In adapting the 2010 financial-crisis book The Big Short: Inside the Doomsday Machine by Michael Lewis, the director of Anchorman doesn’t seem like the first choice. And yet, it becomes clear that Adam McKay, known for his comedic work on Saturday Night Live and with Will Ferrell, is clearly the right man for the job, because the humor is absolutely necessary to cut through the rage you might feel at the material. The film clearly lays out the intricacies of the 2008 global financial crisis, demonstrating the ways in which bankers wrung money out of a housing market made out of wishes and dreams.
The Big Short is anchored by big-name stars in goofy hair and accents, including Ryan Gosling, Steve Carell and Christian Bale, who are uniformly excellent all around as the loners, idiot-savants and misanthropes of Wall Street. They are the tenuously connected individuals who envisioned the spectacular crash of a housing market built on the rickety foundations of subprime mortgages propped up by false ratings.
If that sounds like too much wonky financial jargon, not to worry, McKay takes a speedy rat-a-tat-tat approach to the material and throws everything at the wall, stylistically speaking. The Big Short is postmodern to the max, self-reflective, a hodge-podge of fast editing and fast talking, breaking the fourth wall again and again to keep the story moving along, to clarify things, or to say “that really happened,” or “that didn’t really happen.” McKay never dumbs down the explanations of the complicated financial products, but he does take the time to jazz up things like “synthetic collateralized debt obligation” with cheeky celebrity cameos.
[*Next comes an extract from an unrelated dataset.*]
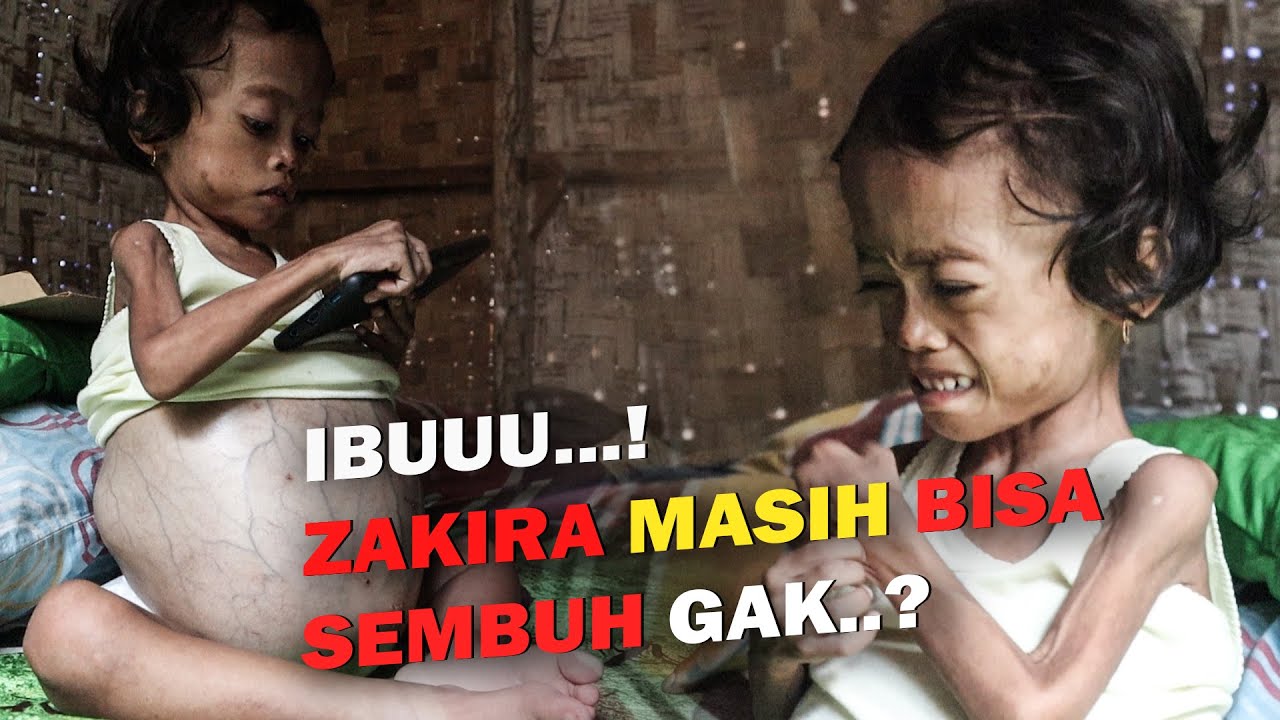 TANG1S DAN KONDISI ZAKIRA MEMBUAT HATI PILU‼️Fadli Putra Lampung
The rapid-fire editing creates some clever sequences in which he cuts between the various groups having similar reactions to events in the financial market, united in sentiment. They are cut as if talking to each other, even if they’re on completely different sides of the country, and it’s an ingenious way to link the disparate groups. There’s also a fantastic sound design that goes along with the editing, blending voices and sound effects rhythmically throughout.
To lesser effect is McKay’s reliance on quick cuts of contextless images to create a sense of the era. Images of soldiers are back to back with celebrities, family vignettes and small-town scenes. It jogs the neurons that might have repressed the pop culture of 2007-08, but it’s a bit much.
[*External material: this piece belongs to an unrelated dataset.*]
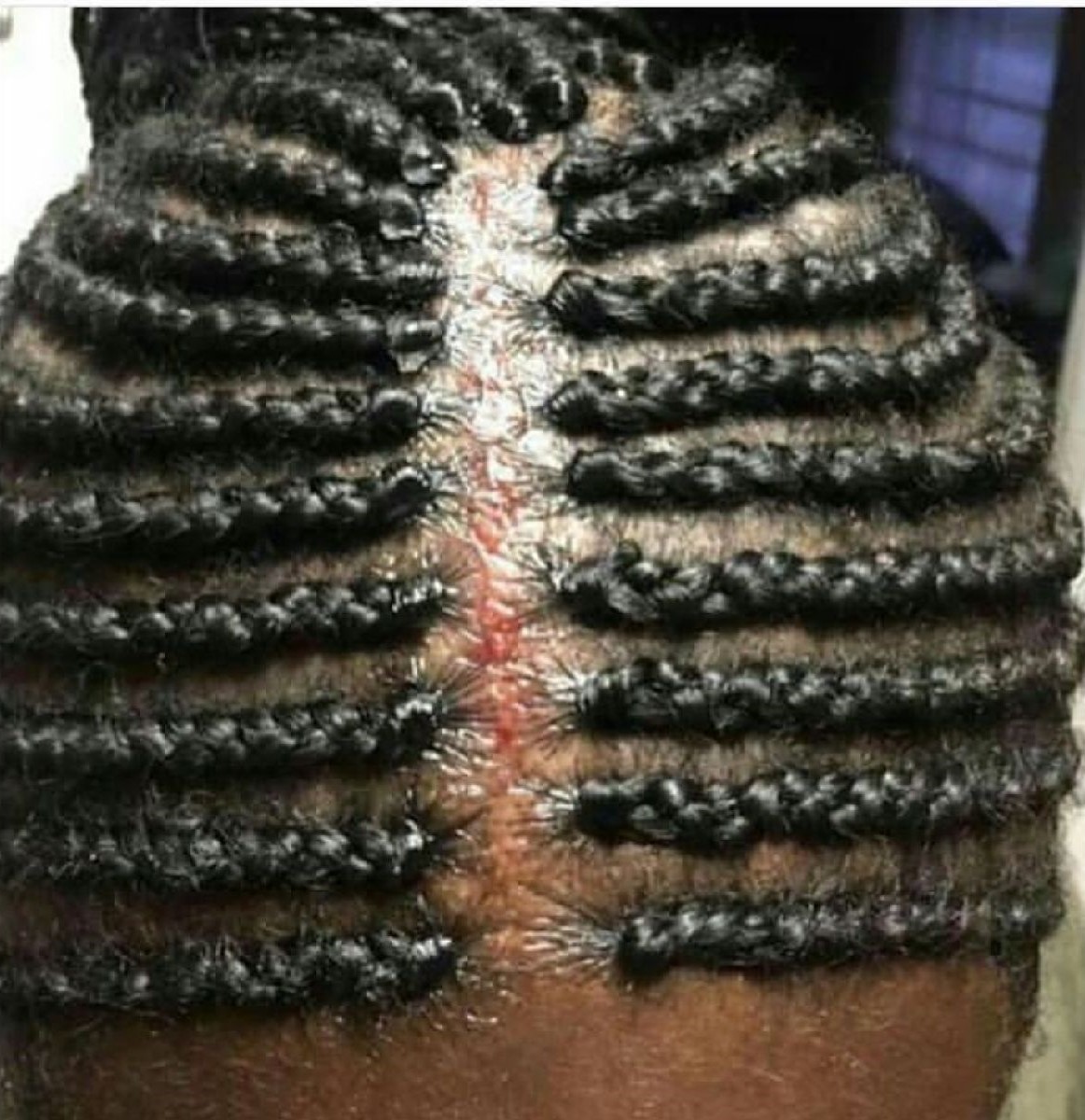 Internet Shocked Over Bloody Scalp And Braids Photo internet-shocked-over-bloody-scalp-and-braids-photo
Steve Carell’s grieving, rage-filled Mark Baum is the conscience of the film. As he talks to more and more bankers, brokers, real-estate agents, and strippers with mortgages on multiple properties, his face seems to get redder and redder, his boiling point breached. He’s never one to mince words, and he is the loud-mouthed canary in the coal mine. Still, when he’s proven right and the sky has fallen, there’s no sense of victory, just disappointment. It’s as if they took these high-risk bets hoping they might be wrong.
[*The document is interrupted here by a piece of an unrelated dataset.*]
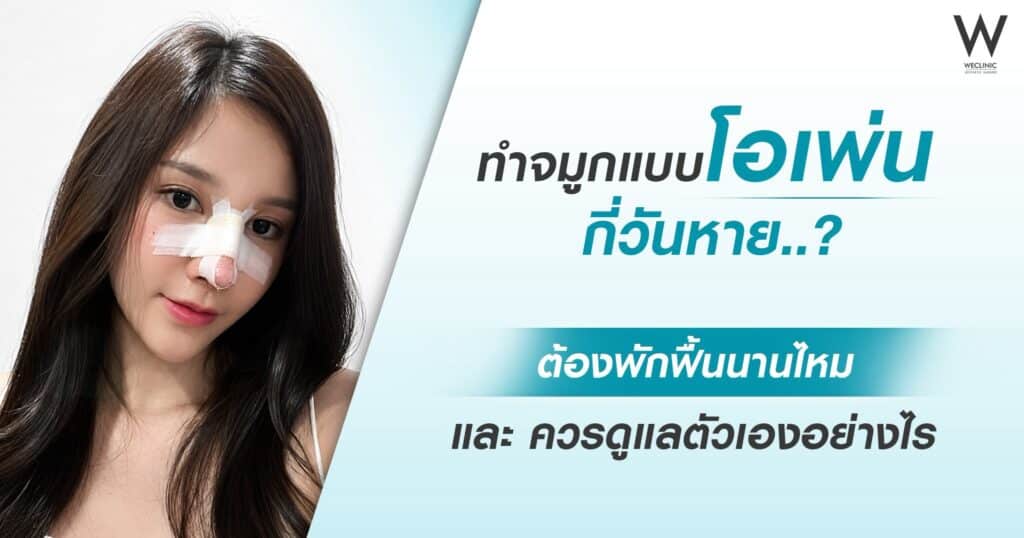 ทำจมูกแบบโอเพ่น กี่วันหาย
As we know, they weren’t wrong. The irony is that our heroes end up making a huge windfall off the events that precipitated economic ruin for the larger population. The Big Short is funny, but it builds to a dour crescendo that feels all too familiar, managing to enrage anew with the hindsight-clear reminder of our not-so-distant past.
‘The Big Short’
Rated R for pervasive language and some sexuality/nudity. 2:10. Fayette Mall, Hamburg, Nicholasville.